The music video featured a theme song titled "I am Dunedin".
The second promotion video was released in 2008 consisting five different parts including: I am 'Learning' Dunedin and the City's excellence in education from pre-school through to tertiary; I am 'Passion' Dunedin showing the City's passion for all sporting activities; and I am 'Fashion' Dunedin highlighting the vitality and creativity of Dunedin. I am 'Alive' Dunedin showed the vibrant nightlife and café scene; and I am 'Wild' Dunedin showed how uniquely close the city is to an abundance of wildlife and eco-tourism. These messages were incorporated into a yearlong advertising campaign that complemented key events such as fashion and sports, as well as local initiatives in education and tourism.

==Public reaction==
===Criticism===
A significant number of people criticize that the slogan “I am Dunedin” does not represent something unique to Dunedin, it is merely a general commercial statement to attract business and investment from outside of Dunedin. Moreover, DCC has not gone through the public to select a suitable slogan therefore it has not been able to represent the Dunedin citizens as a whole.

“The campaigns made Dunedin seem foolish.”
— Academic Practice Fellow, University of Otago Design Department

“Have you heard of a slogan called “I am Dunedin”?”---“Huh, no, I haven't.”
— Street photographer

“It doesn't mean anything.”
— Archive Assistance

===Compliment===
Despite a significant amount of criticism from Dunedin's citizens, the majority of people around New Zealand speak highly of the benefit and effectiveness this “I am Dunedin” campaign has brought to the local economy and boost of the job opportunities. For example, people outside of Dunedin remain very positive and highly disposed to Dunedin as a place to visit. 91% of those surveyed said that their impressions of Dunedin were positive as a result of the advertising they had seen.

==Achievement==
Annual market research quantified the “I am Dunedin” success with positive awareness increasing from 21% in December 2001 to 29% in 2003, and later leapt to 60% and 73% positive awareness for April 2005. Dunedin City was the most recalled city in New Zealand, beating Wellington, Auckland and Christchurch for two years in a row.

For seven years the city marketing’s key role was to externally promote Dunedin outside of the city to New Zealand and overseas. The city’s population rose incrementally from 115,000 people in 2001 to 122,000 people in 2006.

==Re-evaluation==
DCC believes that it is now time for the city marketing mandate to be reviewed in order for future campaigns to have a meaningful contribution to Dunedin’s economic and social prosperity. Moreover, the Council’s marketing team has been conducting a series of focus groups with community leaders to identify issues and develop a long-term marketing strategy.
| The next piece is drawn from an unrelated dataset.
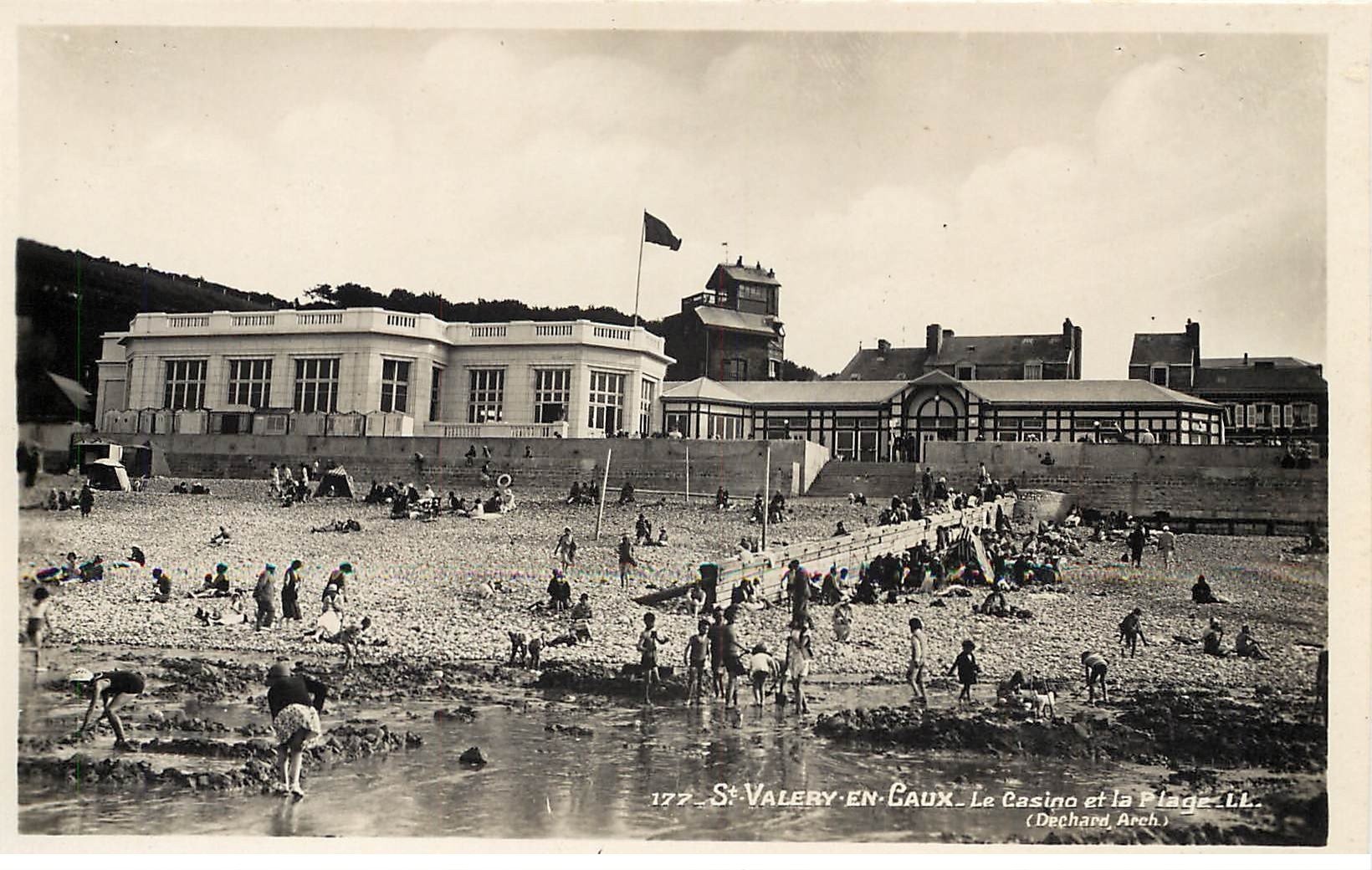 carte postale ancienne 76 SAINT-VALERY-EN-CAUX. Casino Plage. Carte Photo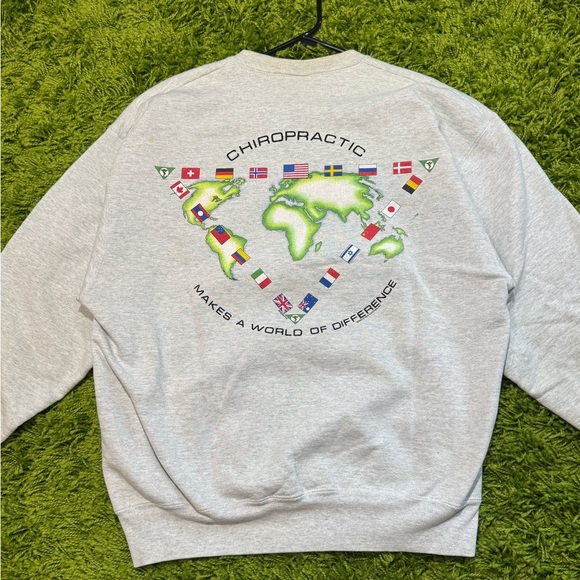 Vintage 1991 World Map Crewneck - Picture 3 of 4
The Dunedin City Council projects that the “I am Dunedin” campaign will remain effective. They attibute this to its branding approach and its impact on public perception. Because the brand is designed to be adaptable, it can be integrated into future promotional and communication campaigns for the city.
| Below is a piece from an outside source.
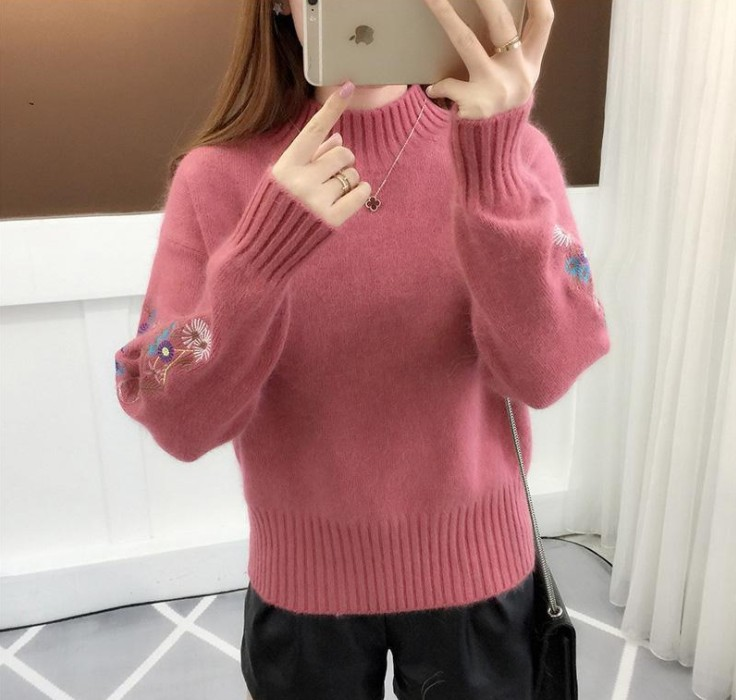 Cintia® | Sweater with floral embroidery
==Replacement and further slogans==
"I am Dunedin" was dropped by DCC in 2010, and was replaced by the slogan "It's All Right Here". This slogan was also replaced, followed by several other subsequent ones, including dropping the slogan entirely and making the city the brand, "Dunedin, A Pretty Good Plan D", "It's Just Dunedin", and various slogans comparing Dunedin to other cities in New Zealand, the latter funded by Enterprise Dunedin, the economic development branch of the DCC.
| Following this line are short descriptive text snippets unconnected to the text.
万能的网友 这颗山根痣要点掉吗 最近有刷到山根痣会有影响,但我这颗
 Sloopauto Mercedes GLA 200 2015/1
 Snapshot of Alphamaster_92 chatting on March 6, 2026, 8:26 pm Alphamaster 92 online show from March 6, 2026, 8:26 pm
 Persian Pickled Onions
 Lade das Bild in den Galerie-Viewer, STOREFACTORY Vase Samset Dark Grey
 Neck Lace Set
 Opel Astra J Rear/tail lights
Many of Dunedin's citizens have criticised the city's various slogans for being ineffective and portraying the city as mediocre.

==Sources==
- Hooker, Jennifer. ‘Branding Dunedin: passionate, active, vibrant, youthful.’ Working on the edge: A Portrait of Business in Dunedin. Dunedin, New Zealand: Otago University Press, 2007. 78-87
- ‘I am Dunedin.’ Com. Murray Grindlay, ZOOM Evolution, 2007.
- Jennifer Hooker. Personal interview. Face to Face. Audiocassette in possession of author. 27 March 2009.